Sorin, Daniel J; Hill, Mark D; Wood, David A: A Primer on Memory Consistency and Cache Coherence, Morgan & Claypool, 2011

sequential consistency can be described as (not formally):

Sequential consistency memory model specifies that the system must appear to execute all threads’ loads and stores to all memory locations in a total order that respects the program order of each thread. Each load gets the value of the most recent store in that total order.

In other words, system is sequentially consistent, if given memory events (loads and stores) of each thread we can order all these events such that: 1) for each thread the order of its events is preserved, and 2) the global order is serial (any load returns latest value stored).

Now they continue and describe coherence:

A definition of coherence that is analogous to the definition of Sequential Consistency is that a coherent system must appear to execute all threads’ loads and stores to a single memory location in a total order that respects the program order of each thread.

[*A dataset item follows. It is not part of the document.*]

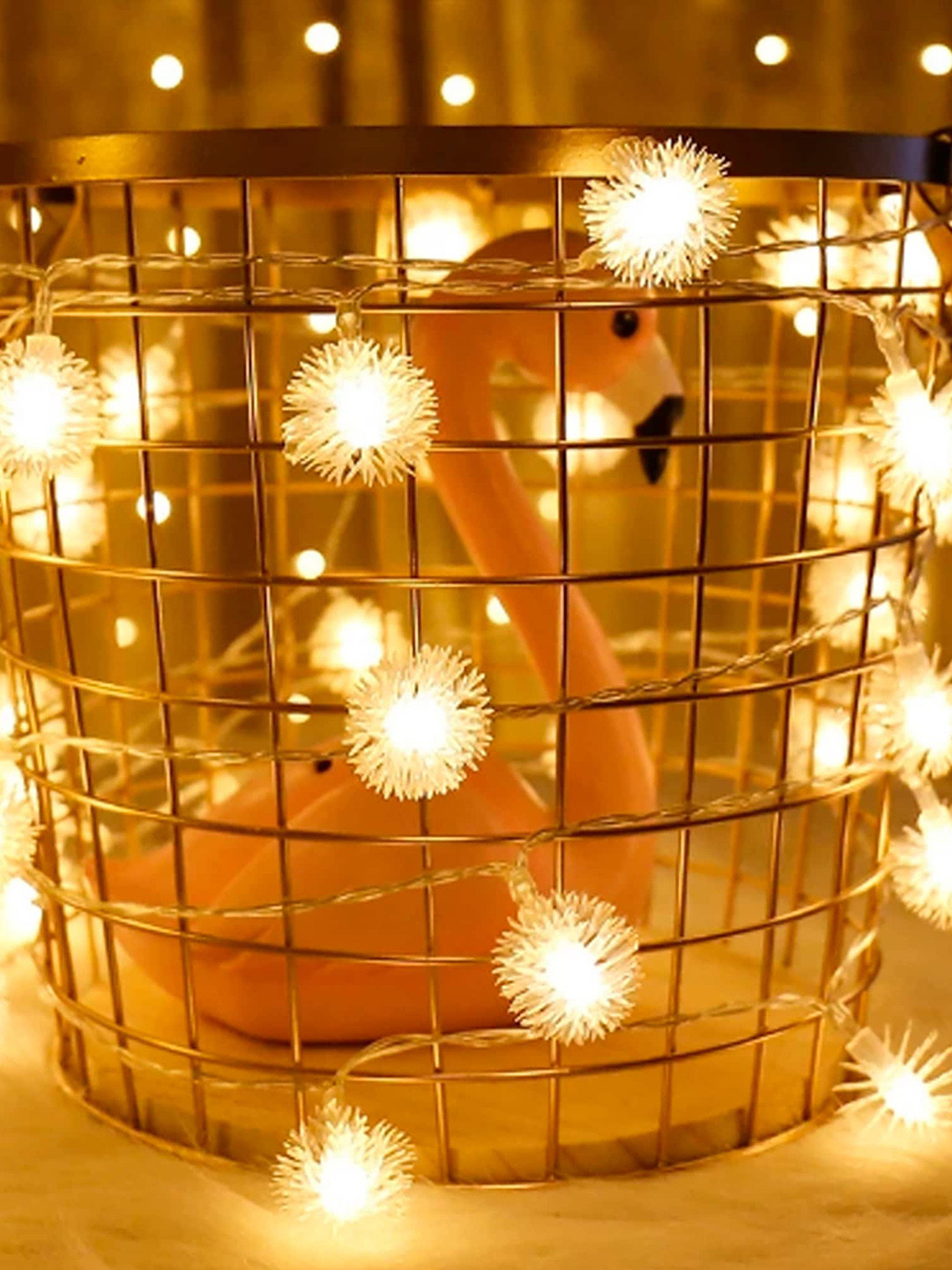 

Homesake Snowball LED Solar String Lights, Yellow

In other words, system is coherent, if given memory events of each thread for each location we can order events for that location, such that: 1) for each thread the order of its events to that location is preserved, and 2) for each location the order is serial.

Finally, they point out the difference:

This definition highlights an important distinction between coherence and consistency: coherence is specified on a per-memory location basis, whereas consistency is specified with respect to all memory locations.

So it seems the difference is that for coherent systems we need a total order on all events for each location (thus the ordering between events for particular location), while for consistent systems the total order should be defined on the all events (and thus the ordering is also between events for different locations)?

Does that mean that coherence is less strict that consistency? (which seems amusing!) Are there traces that are coherent but not consistent?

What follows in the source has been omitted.